**Required work:**
A faithful copy is required: transcribe each line below exactly, minus the pictures.

──────── Records ────────

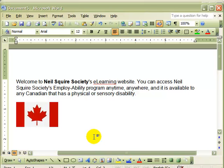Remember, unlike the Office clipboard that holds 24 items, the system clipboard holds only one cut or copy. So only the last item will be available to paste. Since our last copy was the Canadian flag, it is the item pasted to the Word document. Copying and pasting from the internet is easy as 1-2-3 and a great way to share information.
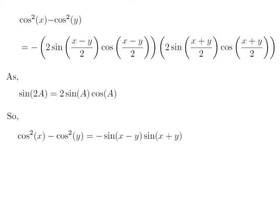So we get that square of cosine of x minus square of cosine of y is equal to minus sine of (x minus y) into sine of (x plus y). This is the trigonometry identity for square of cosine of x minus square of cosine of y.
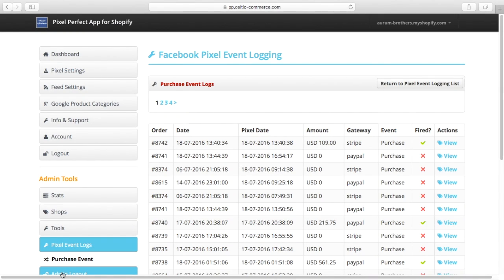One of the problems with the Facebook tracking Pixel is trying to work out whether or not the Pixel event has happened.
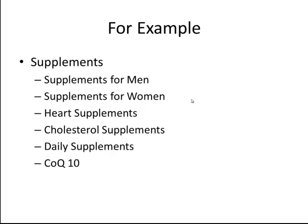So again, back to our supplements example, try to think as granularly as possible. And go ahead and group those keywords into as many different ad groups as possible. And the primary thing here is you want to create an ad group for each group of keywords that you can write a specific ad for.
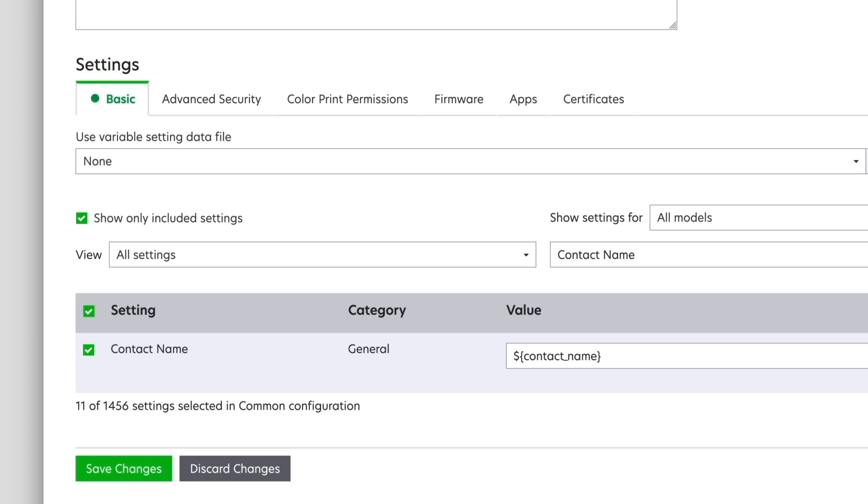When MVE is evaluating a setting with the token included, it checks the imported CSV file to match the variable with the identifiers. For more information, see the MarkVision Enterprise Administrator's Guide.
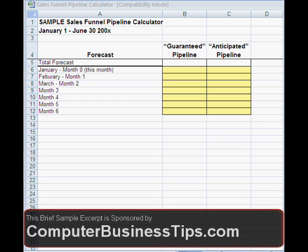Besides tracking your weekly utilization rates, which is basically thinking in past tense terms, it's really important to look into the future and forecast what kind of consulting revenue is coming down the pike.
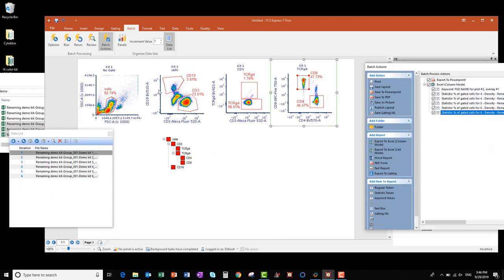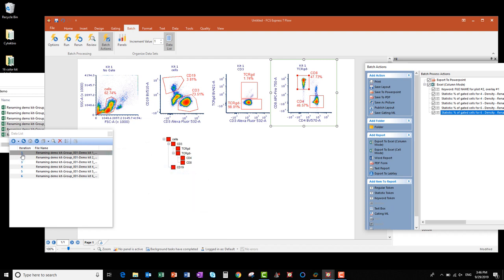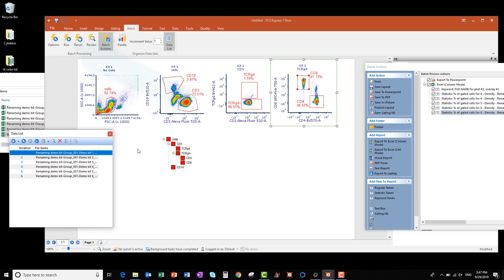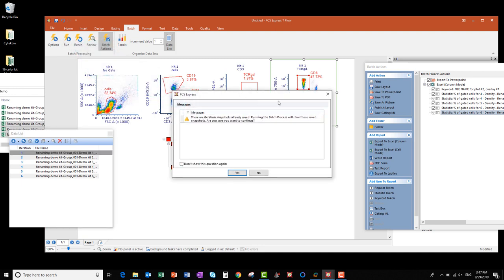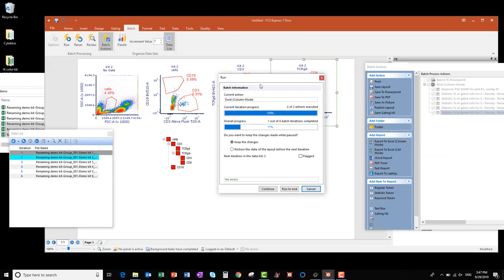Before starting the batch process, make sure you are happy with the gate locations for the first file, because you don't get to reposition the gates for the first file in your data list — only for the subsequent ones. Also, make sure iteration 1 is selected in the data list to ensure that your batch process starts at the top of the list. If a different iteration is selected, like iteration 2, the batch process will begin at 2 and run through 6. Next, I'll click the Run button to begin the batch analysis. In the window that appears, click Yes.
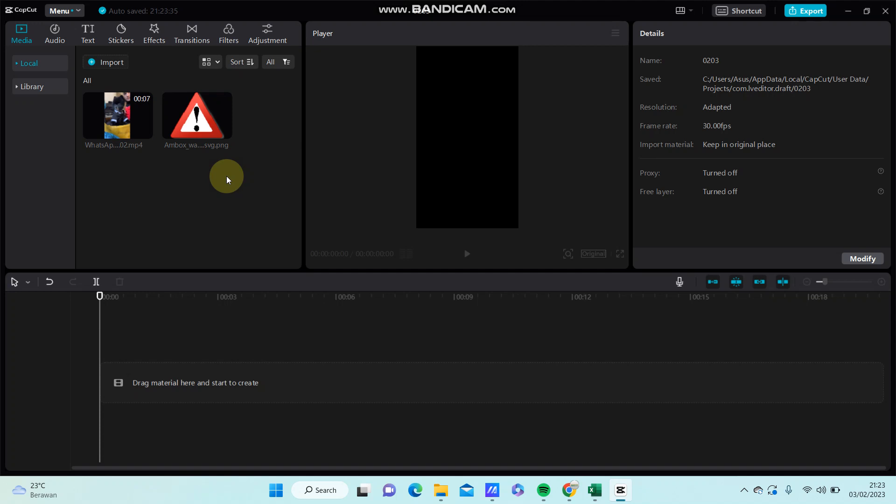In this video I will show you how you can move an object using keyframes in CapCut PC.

────────

**Written response:**
Remember, unlike the Office clipboard that holds 24 items, the system clipboard holds only one cut or copy. So only the last item will be available to paste. Since our last copy was the Canadian flag, it is the item pasted to the Word document. Copying and pasting from the internet is easy as 1-2-3 and a great way to share information.
So we get that square of cosine of x minus square of cosine of y is equal to minus sine of (x minus y) into sine of (x plus y). This is the trigonometry identity for square of cosine of x minus square of cosine of y.
One of the problems with the Facebook tracking Pixel is trying to work out whether or not the Pixel event has happened.
So again, back to our supplements example, try to think as granularly as possible. And go ahead and group those keywords into as many different ad groups as possible. And the primary thing here is you want to create an ad group for each group of keywords that you can write a specific ad for.
When MVE is evaluating a setting with the token included, it checks the imported CSV file to match the variable with the identifiers. For more information, see the MarkVision Enterprise Administrator's Guide.
Besides tracking your weekly utilization rates, which is basically thinking in past tense terms, it's really important to look into the future and forecast what kind of consulting revenue is coming down the pike.
Before starting the batch process, make sure you are happy with the gate locations for the first file, because you don't get to reposition the gates for the first file in your data list — only for the subsequent ones. Also, make sure iteration 1 is selected in the data list to ensure that your batch process starts at the top of the list. If a different iteration is selected, like iteration 2, the batch process will begin at 2 and run through 6. Next, I'll click the Run button to begin the batch analysis. In the window that appears, click Yes.
In this video I will show you how you can move an object using keyframes in CapCut PC.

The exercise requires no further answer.